For in wilfully turning away from our true good – that is, following Christ and His example, we ourselves bear a stigma that burdens the heart and mind. It is sin which darkens our own horizons, diminishing us far more than any poverty or physical disease ever could. Our goal, our earthly journey towards Truth, Goodness, Beauty and love itself, is blocked and ends in death, only through sin. The great mystery of God’s redemption, however, is that, it is the utter tragedy of such sin, man’s felix culpa, which drew down, our divine physician.

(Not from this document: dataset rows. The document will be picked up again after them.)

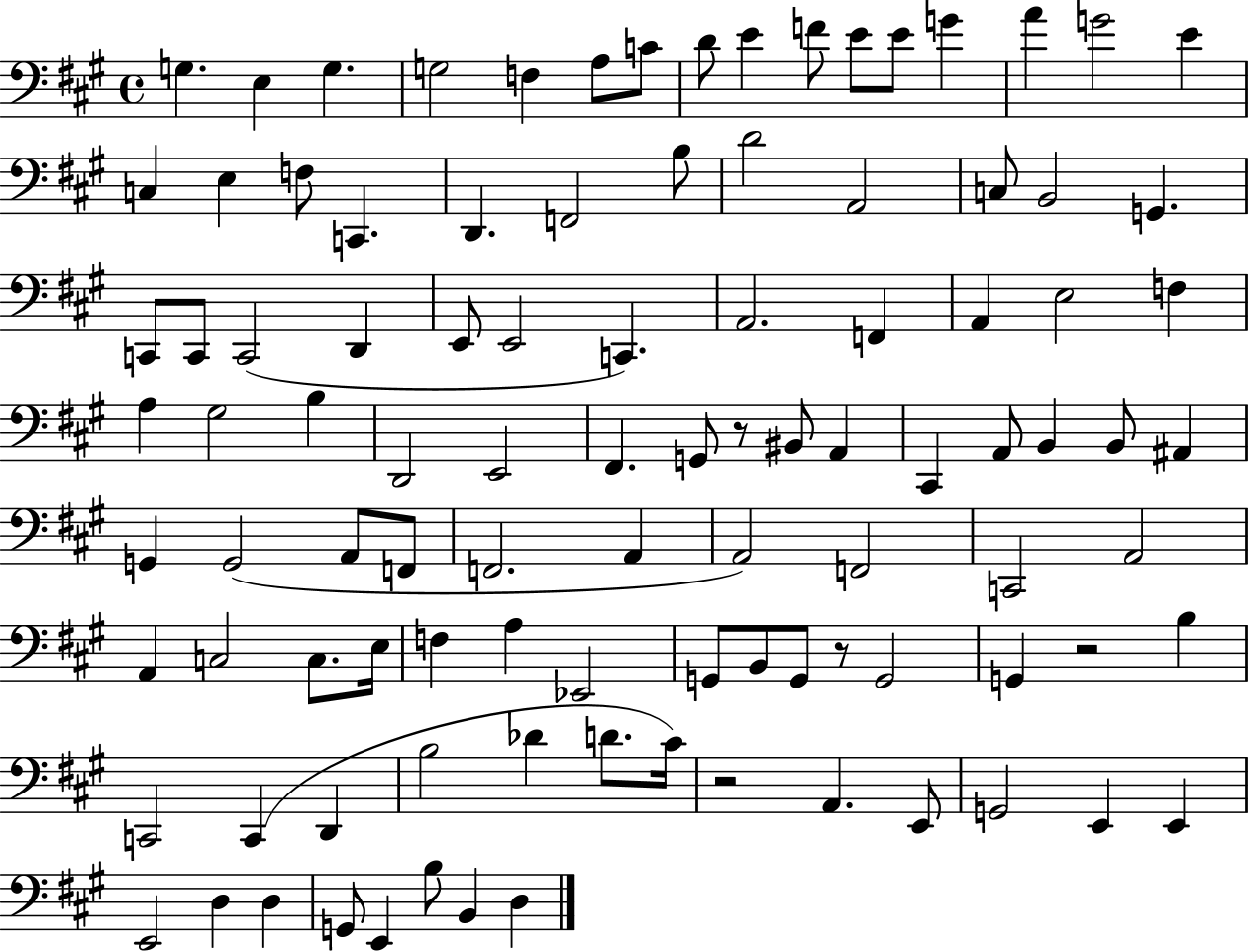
{
  \clef bass
  \time 4/4
  \defaultTimeSignature
  \key a \major
  g4. e4 g4. | g2 f4 a8 c'8 | d'8 e'4 f'8 e'8 e'8 g'4 | a'4 g'2 e'4 | \break c4 e4 f8 c,4. | d,4. f,2 b8 | d'2 a,2 | c8 b,2 g,4. | \break c,8 c,8 c,2( d,4 | e,8 e,2 c,4.) | a,2. f,4 | a,4 e2 f4 | \break a4 gis2 b4 | d,2 e,2 | fis,4. g,8 r8 bis,8 a,4 | cis,4 a,8 b,4 b,8 ais,4 | \break g,4 g,2( a,8 f,8 | f,2. a,4 | a,2) f,2 | c,2 a,2 | \break a,4 c2 c8. e16 | f4 a4 ees,2 | g,8 b,8 g,8 r8 g,2 | g,4 r2 b4 | \break c,2 c,4( d,4 | b2 des'4 d'8. cis'16) | r2 a,4. e,8 | g,2 e,4 e,4 | \break e,2 d4 d4 | g,8 e,4 b8 b,4 d4 | \bar "|."
}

This is what brings us back to that First Good-Friday. For on that day, we saw most clearly, upon the Cross, and in that passion evoked so eloquently by the Prophet Isaiah, the unimaginable depths that God’s love will descend to in order to reach the sinner. In the extremities of evil, sin and death which Christ embraced and conquered on that day, we truly witness the value even the lowliest sinner possesses in God’s eyes. For it is the immensity of God’s love, mercy and forgiveness for each and every one of us, that drew Christ to the Cross that fateful day.

The most awesome reality this Good Friday, and indeed every day, is that such love and forgiveness -the full power of Christ Himself is still flowing, through that Church He instigated. The forgiveness and promise of paradise, offered to the repentant thief, in those final moments upon the Cross, is ours now- active with no less force- in the boundless mercy of Confession.

That divine Body – love, truth and goodness itself – given freely upon the Cross, is still offered each day for us- upon the Eucharistic altar. So we see that passion, that divine love displayed so vividly on that First Good Friday endures for each of us to this day. That is why Good Friday remains forever so, very, very Good.